The collection also includes volumes of his more personal writings, such as letters and correspondences with prominent figures of his day and an abundance of verses written as offerings or upon request, such as entreaties for the longevity of teachers or for the swift return of those that were recently deceased. Here we also get a taste of his role as a teacher, with endless examples of the personal advice and instructions he offered to his students in short pithy missives. Much of this material provides us a glimpse into the inner life of Khyentse Wangpo, with devotional works praising and supplicating the masters of the past and present, as well as an even more intimate layer of access with the inclusion of his numerous vajra songs (rdo rje'i thol glu) that echo from the depths of his spiritual accomplishment, and other compositions presented as expressions of his realization (rtogs pa brjod pa).
As for the structure of the Khyentse Kabum, the topical outline (sa bcad) divides the collection into eleven sections, which are charcaterized in the Tibetan as follows:
- A collection of praises and supplications, which is like music to delight the victorious ones and their heirs, along with prayers for longevity and entreaties for the swift return of deceased masters that are like endless cloud banks of the ocean of spiritual qualities.
- A collection of discourses on various topics, which is like a ship that allows one to embark upon an ocean of learning. Included within, as ornaments, are a series of letters offering advice to the disciples of the buddhas and bodhisattvas that are like massive clouds of jewels.
- The inner sciences that are the essence of the intent of the sūtras and tantras, which are like clouds of the ocean of the profound meaning, including an extensive series of annotations that condense the scriptural works related to the vinaya, sūtras, abhidharma, and the tantras of both the old and new schools.

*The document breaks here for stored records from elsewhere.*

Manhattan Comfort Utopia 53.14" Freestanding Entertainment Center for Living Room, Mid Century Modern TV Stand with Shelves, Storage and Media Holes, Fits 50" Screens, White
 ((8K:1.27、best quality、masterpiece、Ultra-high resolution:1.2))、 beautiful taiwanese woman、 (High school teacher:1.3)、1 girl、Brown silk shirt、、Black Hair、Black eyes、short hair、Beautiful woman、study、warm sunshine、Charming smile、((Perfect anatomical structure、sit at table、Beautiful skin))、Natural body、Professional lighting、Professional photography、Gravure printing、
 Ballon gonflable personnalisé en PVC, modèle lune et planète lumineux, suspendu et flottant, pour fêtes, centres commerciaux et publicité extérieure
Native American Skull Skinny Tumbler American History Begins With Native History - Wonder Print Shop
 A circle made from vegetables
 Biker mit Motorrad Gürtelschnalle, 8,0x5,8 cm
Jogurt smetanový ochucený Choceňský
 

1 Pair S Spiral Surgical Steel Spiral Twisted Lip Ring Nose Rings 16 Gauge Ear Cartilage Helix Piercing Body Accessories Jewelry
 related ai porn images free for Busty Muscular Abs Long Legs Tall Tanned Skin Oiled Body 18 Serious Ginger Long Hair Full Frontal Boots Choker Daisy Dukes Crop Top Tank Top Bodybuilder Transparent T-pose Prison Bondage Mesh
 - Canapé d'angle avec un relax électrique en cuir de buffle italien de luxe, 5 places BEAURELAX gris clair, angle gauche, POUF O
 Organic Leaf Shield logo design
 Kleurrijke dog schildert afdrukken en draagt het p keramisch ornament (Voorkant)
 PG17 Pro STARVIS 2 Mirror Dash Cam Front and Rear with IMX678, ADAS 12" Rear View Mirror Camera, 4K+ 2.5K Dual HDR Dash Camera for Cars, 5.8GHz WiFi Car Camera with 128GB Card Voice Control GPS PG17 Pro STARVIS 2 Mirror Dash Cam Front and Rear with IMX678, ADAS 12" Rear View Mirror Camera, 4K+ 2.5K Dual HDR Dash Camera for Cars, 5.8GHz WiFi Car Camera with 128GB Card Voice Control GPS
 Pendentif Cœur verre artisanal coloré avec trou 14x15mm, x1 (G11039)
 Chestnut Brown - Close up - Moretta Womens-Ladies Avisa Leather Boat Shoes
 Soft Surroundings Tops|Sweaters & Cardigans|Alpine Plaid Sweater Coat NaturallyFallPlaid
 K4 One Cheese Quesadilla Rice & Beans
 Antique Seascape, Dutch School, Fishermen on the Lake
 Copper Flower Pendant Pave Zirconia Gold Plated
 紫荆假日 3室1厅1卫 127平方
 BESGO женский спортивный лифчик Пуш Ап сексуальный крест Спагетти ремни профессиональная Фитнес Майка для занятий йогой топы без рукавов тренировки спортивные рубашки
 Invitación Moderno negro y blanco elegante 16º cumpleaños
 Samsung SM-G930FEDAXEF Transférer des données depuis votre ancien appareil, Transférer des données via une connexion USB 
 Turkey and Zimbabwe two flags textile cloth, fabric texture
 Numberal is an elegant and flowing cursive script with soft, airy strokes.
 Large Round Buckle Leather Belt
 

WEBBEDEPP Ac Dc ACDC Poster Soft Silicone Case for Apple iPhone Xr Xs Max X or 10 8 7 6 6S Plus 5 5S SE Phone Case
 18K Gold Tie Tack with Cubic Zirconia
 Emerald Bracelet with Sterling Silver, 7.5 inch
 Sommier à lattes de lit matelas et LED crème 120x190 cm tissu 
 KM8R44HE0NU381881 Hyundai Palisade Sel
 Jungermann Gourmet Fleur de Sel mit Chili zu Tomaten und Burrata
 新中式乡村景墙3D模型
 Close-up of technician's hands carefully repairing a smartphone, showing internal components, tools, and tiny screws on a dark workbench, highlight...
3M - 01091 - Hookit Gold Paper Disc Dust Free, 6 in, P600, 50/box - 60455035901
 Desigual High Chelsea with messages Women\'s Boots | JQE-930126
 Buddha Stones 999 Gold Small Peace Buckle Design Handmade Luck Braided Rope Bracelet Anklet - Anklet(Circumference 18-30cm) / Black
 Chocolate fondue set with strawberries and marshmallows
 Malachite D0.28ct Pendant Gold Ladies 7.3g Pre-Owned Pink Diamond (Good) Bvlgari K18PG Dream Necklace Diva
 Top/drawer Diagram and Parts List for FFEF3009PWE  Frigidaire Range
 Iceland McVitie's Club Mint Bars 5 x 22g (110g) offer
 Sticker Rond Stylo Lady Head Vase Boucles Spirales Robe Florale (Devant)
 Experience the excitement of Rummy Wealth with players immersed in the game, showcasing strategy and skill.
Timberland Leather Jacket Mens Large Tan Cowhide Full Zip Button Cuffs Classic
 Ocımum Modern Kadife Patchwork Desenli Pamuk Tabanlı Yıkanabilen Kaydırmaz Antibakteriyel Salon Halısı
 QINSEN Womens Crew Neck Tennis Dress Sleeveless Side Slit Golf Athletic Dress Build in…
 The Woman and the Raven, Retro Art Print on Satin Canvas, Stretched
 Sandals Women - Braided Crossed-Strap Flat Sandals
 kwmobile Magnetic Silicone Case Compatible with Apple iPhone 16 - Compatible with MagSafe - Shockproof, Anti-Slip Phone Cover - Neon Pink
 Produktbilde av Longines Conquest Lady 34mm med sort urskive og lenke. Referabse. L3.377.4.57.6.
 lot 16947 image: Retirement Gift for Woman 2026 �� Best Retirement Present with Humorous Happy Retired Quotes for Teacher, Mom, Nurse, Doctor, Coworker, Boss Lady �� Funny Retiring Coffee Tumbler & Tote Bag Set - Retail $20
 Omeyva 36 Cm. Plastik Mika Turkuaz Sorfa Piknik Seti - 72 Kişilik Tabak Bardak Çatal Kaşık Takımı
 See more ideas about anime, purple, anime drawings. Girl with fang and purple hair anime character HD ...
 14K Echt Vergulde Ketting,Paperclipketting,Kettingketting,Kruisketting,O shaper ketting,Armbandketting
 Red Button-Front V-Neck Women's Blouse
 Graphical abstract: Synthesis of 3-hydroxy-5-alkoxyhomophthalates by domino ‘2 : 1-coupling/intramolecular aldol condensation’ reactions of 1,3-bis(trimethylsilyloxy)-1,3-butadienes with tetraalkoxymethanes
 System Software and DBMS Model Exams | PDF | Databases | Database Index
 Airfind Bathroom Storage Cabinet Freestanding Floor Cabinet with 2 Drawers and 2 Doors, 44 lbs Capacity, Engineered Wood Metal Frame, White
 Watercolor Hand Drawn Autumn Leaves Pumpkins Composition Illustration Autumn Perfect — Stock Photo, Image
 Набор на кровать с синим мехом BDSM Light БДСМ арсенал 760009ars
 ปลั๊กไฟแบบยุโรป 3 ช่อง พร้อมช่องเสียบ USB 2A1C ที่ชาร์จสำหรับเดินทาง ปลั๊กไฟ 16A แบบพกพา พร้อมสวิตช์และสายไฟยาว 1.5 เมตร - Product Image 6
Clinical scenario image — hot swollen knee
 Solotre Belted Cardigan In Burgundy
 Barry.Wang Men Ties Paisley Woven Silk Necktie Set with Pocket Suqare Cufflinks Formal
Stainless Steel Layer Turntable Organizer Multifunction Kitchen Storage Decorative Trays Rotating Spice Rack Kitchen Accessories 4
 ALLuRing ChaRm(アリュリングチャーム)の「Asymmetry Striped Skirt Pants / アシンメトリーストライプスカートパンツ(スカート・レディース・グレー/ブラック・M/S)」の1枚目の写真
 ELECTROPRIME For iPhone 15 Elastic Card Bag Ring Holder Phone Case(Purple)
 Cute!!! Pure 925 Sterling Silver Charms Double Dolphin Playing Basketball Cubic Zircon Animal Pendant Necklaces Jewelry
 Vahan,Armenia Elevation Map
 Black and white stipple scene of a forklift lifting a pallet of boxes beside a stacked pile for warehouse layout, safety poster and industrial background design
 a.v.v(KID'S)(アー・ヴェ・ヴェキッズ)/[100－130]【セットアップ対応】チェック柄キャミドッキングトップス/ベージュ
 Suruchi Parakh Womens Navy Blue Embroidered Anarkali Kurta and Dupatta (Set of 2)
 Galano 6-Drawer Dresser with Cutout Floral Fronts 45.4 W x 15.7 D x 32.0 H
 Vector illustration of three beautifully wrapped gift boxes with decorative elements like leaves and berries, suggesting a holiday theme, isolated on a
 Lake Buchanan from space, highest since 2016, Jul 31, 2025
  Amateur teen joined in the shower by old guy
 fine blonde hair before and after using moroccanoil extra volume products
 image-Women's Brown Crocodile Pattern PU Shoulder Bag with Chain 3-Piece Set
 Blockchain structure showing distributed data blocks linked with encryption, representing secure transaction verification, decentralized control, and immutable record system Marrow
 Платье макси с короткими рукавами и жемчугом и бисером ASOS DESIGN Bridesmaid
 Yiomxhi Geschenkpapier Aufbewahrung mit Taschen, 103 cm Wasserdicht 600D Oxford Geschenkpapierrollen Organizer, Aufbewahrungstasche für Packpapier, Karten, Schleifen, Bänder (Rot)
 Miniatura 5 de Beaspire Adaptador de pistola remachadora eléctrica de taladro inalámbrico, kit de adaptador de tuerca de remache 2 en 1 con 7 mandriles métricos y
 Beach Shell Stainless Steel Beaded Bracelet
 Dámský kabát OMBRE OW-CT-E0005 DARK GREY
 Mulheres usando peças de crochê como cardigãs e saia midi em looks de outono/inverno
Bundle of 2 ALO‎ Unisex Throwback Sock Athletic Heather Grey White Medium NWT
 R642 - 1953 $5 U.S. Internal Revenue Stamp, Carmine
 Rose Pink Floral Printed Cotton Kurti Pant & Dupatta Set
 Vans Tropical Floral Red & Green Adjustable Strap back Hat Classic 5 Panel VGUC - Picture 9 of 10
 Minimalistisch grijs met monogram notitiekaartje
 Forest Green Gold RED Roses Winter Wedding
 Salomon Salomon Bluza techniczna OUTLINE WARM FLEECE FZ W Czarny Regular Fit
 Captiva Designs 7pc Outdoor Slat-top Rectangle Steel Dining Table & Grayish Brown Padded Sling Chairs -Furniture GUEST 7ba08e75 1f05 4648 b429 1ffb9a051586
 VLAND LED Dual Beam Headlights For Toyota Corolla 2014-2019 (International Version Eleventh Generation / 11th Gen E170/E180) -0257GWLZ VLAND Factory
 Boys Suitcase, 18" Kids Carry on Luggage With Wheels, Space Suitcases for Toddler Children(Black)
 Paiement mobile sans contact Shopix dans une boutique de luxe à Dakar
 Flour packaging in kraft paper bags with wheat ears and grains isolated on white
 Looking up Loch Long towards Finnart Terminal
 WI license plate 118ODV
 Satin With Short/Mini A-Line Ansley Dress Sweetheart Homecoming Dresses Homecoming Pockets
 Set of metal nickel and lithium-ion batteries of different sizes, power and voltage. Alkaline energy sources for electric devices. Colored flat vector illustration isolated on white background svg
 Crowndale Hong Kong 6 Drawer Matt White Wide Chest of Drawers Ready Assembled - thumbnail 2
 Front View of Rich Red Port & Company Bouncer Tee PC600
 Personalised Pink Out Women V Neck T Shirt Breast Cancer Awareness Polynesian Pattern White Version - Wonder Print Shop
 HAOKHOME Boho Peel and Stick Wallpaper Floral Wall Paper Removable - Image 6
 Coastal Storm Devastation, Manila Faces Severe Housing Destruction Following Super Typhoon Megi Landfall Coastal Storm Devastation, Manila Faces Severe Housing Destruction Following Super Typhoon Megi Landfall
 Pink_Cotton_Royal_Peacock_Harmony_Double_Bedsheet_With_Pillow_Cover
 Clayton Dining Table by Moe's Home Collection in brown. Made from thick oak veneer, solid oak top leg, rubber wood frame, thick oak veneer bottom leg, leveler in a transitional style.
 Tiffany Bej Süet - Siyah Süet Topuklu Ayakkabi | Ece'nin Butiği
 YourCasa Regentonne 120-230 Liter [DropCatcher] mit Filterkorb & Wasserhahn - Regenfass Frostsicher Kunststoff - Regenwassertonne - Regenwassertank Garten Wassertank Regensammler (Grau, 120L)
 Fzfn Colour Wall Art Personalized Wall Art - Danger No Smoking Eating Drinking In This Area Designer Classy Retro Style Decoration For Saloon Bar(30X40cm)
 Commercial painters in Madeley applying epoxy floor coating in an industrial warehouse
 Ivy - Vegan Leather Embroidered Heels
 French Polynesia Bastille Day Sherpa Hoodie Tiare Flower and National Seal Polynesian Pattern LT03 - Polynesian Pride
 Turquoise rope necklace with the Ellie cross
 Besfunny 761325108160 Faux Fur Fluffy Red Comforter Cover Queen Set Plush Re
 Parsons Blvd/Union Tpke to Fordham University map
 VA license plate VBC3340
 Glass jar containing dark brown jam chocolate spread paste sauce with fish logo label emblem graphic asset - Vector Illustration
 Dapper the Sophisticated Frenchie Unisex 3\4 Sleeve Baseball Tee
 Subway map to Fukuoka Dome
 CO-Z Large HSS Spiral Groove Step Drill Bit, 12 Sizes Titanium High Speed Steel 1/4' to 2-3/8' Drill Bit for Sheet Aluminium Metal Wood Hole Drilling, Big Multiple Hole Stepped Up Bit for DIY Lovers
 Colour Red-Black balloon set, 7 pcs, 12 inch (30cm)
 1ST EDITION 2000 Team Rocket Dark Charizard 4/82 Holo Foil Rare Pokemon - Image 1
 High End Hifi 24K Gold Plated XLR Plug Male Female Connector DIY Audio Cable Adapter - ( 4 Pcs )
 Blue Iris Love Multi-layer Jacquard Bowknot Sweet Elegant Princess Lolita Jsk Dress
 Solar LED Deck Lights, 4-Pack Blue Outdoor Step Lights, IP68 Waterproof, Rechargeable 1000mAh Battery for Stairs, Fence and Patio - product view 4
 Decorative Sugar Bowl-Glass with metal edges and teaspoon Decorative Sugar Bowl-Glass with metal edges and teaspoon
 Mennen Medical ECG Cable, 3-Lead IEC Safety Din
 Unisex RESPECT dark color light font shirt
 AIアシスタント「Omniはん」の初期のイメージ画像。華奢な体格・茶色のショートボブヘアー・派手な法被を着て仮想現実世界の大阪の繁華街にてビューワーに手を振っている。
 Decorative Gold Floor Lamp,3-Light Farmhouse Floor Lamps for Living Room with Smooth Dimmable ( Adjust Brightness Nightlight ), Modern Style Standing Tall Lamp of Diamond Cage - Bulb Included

- Excellent explanations that clearly demonstrate the true meaning of the sūtras and tantras, which are like the luminous rays that emanate from the actual spheres of the sun and moon.
- The cycle of sādhanas and ritual arrangements related to a vast array of deities, which are like a precious trove of the two accomplishments that are the glorious emblems of Vajrasattva. Included within are both the new schools and the old schools, first the cycle of the new schools and second a variety of sādhanas, activity practices, and pith instructions of the three roots of the ancient translation tradition of the great secret vajrayāna.
- Clarifications on all the major and minor sciences that provide access to a clear understanding, which is like a lake to delight the goddess Sarasvatī.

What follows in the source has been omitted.